▶ INPUT DATA:
────────────────────

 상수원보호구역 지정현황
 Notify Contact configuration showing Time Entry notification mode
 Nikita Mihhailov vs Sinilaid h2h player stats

────────────────────

▶ EXERCISE OBJECTIVE:
Now output the listing above, exactly as it appears.

▶ EXPECTED ANSWER:
 상수원보호구역 지정현황
 Notify Contact configuration showing Time Entry notification mode
 Nikita Mihhailov vs Sinilaid h2h player stats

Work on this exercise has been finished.